さて、こういった話を聞くと、あたかも慣行栽培悪者のように思えてくる。だが、それは少々短絡的。あらゆる産業は、時代ごとの社会的背景と不可分だからだ。
「何が良くて何が悪い、という話ではないと思うんです。慣行栽培のおかげで、食物をたくさんつくれるようになり、それがたくさんの人のお腹を満たしてきた。その事実を考えもなく否定することはできません。仮に今、全てが不耕起栽培に置き換わったとしても、十分な食物を供給できるかは、正直疑問に思います。
時代というのは、グラデーションのように少しずつ変化していくものだと思うんですよね。次の世代を担う人たちに、『こういうやり方もあるよ』と、可能性を残してあげることが大切なのではないかと。そう考えると、僕らが今、不耕起栽培を伝えていくことには意味があるんじゃないかと思っています」。
実際に地域の小学校を訪れて、農業やそれに付随する環境問題について、課外授業を行なっているという石井さん。いつも目に触れている野菜について、まだまだ知らないことがたくさんあるのだと子どもたちに知ってもらうことも、大切な一歩だという。
「理想と現実って相反する言葉だと捉えられがちだけど、僕は少し違うと思っています。
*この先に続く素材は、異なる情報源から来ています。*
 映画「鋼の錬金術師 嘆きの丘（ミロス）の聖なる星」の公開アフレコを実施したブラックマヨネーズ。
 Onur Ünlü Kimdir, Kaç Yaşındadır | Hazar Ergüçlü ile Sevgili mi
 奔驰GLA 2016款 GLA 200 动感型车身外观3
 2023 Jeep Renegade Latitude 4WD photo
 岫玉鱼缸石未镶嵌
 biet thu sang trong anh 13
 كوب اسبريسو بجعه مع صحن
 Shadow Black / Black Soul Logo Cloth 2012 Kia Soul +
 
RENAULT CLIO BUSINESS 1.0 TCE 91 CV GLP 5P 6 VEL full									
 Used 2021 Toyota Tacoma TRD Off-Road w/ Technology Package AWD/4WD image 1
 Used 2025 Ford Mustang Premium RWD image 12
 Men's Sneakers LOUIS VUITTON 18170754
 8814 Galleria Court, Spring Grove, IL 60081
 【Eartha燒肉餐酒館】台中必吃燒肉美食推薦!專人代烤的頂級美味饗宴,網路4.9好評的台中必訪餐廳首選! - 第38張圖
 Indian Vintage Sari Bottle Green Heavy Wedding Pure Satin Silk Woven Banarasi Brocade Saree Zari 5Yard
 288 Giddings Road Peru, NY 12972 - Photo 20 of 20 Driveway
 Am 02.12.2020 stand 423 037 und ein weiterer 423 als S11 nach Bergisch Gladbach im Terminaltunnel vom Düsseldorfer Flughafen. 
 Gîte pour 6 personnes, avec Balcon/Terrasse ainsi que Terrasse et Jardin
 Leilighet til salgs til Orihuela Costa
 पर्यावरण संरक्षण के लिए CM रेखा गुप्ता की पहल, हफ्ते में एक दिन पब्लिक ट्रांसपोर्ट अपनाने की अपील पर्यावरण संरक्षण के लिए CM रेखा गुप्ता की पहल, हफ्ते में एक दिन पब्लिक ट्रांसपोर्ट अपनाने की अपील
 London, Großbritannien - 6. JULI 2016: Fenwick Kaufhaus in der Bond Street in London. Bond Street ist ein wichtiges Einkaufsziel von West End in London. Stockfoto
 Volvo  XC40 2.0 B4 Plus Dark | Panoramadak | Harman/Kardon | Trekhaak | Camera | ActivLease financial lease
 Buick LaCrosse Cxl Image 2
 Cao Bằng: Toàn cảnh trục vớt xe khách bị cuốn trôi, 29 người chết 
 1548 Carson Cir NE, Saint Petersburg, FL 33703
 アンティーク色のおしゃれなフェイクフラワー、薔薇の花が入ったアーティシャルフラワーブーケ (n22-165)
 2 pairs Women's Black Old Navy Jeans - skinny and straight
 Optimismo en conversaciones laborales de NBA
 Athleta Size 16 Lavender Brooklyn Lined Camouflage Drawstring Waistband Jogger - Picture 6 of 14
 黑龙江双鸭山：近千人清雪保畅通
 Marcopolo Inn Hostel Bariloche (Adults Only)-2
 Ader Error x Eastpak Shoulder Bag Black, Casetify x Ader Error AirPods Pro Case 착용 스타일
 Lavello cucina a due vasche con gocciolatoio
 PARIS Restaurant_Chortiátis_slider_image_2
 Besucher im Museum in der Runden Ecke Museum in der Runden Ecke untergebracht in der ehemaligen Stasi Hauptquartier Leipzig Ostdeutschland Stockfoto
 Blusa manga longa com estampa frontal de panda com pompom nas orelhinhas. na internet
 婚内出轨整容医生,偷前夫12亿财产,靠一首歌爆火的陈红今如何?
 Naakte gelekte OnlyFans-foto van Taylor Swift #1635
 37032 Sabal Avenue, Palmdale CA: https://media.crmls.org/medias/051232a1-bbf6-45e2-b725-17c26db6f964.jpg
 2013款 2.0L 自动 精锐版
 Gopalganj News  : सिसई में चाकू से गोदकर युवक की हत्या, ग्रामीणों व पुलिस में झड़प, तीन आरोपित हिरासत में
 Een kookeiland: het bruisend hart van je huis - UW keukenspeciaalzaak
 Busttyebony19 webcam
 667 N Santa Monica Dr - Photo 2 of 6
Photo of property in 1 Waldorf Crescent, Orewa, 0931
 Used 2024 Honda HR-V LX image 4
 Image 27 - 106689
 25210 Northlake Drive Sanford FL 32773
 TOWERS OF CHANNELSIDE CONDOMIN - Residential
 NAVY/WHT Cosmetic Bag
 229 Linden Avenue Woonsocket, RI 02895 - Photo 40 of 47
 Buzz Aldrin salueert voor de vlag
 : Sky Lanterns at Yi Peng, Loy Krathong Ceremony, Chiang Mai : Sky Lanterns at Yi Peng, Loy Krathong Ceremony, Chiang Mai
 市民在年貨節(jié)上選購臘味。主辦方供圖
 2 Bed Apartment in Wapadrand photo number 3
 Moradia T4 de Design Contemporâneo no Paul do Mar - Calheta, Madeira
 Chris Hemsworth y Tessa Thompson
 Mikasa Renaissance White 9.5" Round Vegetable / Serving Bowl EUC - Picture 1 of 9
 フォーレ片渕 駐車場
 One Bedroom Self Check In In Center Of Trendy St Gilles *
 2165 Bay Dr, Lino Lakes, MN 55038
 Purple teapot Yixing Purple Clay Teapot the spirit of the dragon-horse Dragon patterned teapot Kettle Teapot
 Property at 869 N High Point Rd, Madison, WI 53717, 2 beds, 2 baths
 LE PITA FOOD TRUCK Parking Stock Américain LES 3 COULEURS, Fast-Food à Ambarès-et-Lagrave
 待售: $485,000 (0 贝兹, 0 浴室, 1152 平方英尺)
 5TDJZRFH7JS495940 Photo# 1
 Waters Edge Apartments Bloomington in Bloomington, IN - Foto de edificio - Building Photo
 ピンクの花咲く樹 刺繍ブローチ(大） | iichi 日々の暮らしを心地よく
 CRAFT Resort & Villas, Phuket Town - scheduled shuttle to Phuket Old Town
確かに現状では、慣行栽培が99%で不耕起栽培なんてほんのわずかです。でも、まず理想を描かなければ、現実なんて起こりようがない。『僕たちはこういう考えを持って行動してきた』という背中を見せることで、後の世代をブーストしていくのが僕らの役目だと思っています。『さあ、君たちならどうする?』と、メッセージを送っているような感覚ですかね」。
まさに今、そのための“土壌”をつくっている最中だ。
■プロフィール
石井雅俊(イシイ マサトシ)
1987年生まれ。神奈川県川崎市出身。大手住宅メーカー勤務などを経て、2020年3月、「ふるさとファーマーズ」を発足。(2024年5月にNPO法人化)2020年4月からは県立茅ケ崎里山公園に隣接した約1500㎡の農地で不耕起栽培をスタート。生産者と消費者のかけ橋となるべく、さまざまな取り組みを行っている。